Kerumitan konflik politik
menghalangi penyelesaian masalh yang sedemikian sederhananya. Akan tetapi,
melalui identifikasi masalah atas individu tertentu yang dapat kita kendalikan,
kita mengurangi masalah, baik secara intelektual maupun pragmatis sampai
menjadi ukuran yang dapat dikendalikan. Sekali kita dapat mengidentifikasi
individu dan kelompok individu tertentu sebagai sumber kejahatan, kita
tampaknya telah memahami mata-rantai sebab-akibat dari individu menjuju masalah
sosial. Sehingga, dengan menyingkirkan individu penyebab masalah tersebut, maka
anda telah memecahkan masalah itu.
Realisme politik tidak
hanya mengandung unsur teoretis, tetapi juga unsur yang berdasarkan norma.

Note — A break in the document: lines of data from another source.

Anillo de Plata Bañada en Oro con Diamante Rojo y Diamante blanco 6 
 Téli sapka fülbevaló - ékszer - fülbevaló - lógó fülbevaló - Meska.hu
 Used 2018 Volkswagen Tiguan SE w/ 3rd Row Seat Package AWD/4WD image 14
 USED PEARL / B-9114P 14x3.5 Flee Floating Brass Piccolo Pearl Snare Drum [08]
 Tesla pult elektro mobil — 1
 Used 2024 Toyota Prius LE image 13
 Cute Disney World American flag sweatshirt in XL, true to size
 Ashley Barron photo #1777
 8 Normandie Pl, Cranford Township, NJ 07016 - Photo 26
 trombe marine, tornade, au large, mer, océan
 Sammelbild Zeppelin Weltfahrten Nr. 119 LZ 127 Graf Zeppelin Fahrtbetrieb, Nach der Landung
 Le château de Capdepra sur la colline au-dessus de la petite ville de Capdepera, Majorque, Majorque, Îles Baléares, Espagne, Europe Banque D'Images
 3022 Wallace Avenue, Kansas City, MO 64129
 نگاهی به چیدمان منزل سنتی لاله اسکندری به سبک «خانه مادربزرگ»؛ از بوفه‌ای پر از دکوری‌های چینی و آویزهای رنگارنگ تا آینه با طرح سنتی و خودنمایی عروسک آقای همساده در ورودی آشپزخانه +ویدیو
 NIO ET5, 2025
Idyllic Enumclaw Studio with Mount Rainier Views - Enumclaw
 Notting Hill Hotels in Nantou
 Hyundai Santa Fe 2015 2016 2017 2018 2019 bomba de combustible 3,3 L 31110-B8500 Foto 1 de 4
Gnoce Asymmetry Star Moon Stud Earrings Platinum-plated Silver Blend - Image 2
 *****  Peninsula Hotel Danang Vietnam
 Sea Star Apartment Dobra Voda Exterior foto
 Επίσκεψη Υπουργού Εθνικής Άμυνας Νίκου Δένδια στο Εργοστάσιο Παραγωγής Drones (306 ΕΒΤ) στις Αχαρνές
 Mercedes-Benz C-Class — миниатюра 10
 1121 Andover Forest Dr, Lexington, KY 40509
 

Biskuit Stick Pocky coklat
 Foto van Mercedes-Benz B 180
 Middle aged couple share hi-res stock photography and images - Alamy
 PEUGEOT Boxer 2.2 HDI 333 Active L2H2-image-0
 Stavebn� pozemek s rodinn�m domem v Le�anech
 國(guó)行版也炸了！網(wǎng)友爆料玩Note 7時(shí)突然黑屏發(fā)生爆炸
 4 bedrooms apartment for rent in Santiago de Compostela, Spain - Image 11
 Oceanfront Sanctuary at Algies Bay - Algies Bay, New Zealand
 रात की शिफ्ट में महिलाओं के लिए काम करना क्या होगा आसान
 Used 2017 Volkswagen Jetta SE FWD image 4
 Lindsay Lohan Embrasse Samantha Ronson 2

Realisme politik memahami, bahwa realitas politik penuh dengan ketidakpastian
dan keadaan yang tidak masuk akal yang sistematik, serta menunjuk pada pengaruh
mereka terhadap politik luar negeri. Namun realisme berbagi dengan semua teori
sosialm kebutuhan demi pengertian teoretism untuk menekan unsur – unsur
rasional dan realitas politik. Karena unsur – unsur rasional inilah yang
menyebabkan realitas dapat dipahami untuk teori.
Realisme politik
menganggap politik luar negeri yang rasional sebagai politik luar negeri yang
baik. Karena hanya politik luar negeri rasional yang memperkecil risiko dan
meningkatkan keuntungan sebanyak mungkin dan oleh sebab itu memenuhi, baik
aturan moral dari kebijaksanaan maupun syarat politis agar mencapai
keberhasilan.
3. Realisme menganggap, bahwa konsep utamanya tentang kepentingan yang
ditegaskan sebagai kekuasaan merupakan kategori objektif yang berlaku secara
universal, tetapi tidak member sifat pada konsep itu dengan arti yang sudah
ditentukan secara definitif.
Corak kepentingan yang
menentukan tindakan politik dalam periode sejarah tertentum tergantung dari
konteks politik dan kebudayaan, dan dalam konteks ini dirumuskan politik luar
negeri.
Kekuasaan dapat terdiri
atas apa saja yang membentuk dan mempertahankan pengendalian manusia atas
manusia. Jadi, kekuasaan meliputi semua hubungan social yang berguna untuk
tuhuan itu, dari kekerasan fisik sampai ikatan psikologis yang paling licikm
yang dipakai untuk saling mengendalikan pemikiran.
Seorang realis memang
percaya, bahwa kepentingan merupakan norma yang berlangsung terus dan yang
dipakai untuk menilai serta mengarahkan tindakan politik, hubungan kontemporer
antara kepentingan dan Negara-bangsa merupakan produk sejarah, dan oleh sebab
itu harus lenyap dalam perjalanan sejarah.
Kaum realis diyakinkan,
bahwa perubahan ini hanya dapat dicapai melalui manipulasi yang rapi dari
kekuatan – kekuatan yang dapat bertahan lama yang telah membentuk masa lampau
sebagaimana pula akan mengadakan masa depan. Kaum realis tidak dapat
dipengaruhi bahwa kita dapat mengadakan perubahan itu dengan menentang realitas
politik yang mempunyai hukum – hukumnya sendiri dengan cita – cita abstarak
yang menolak memperhitungkan hukum – hukum tersebut.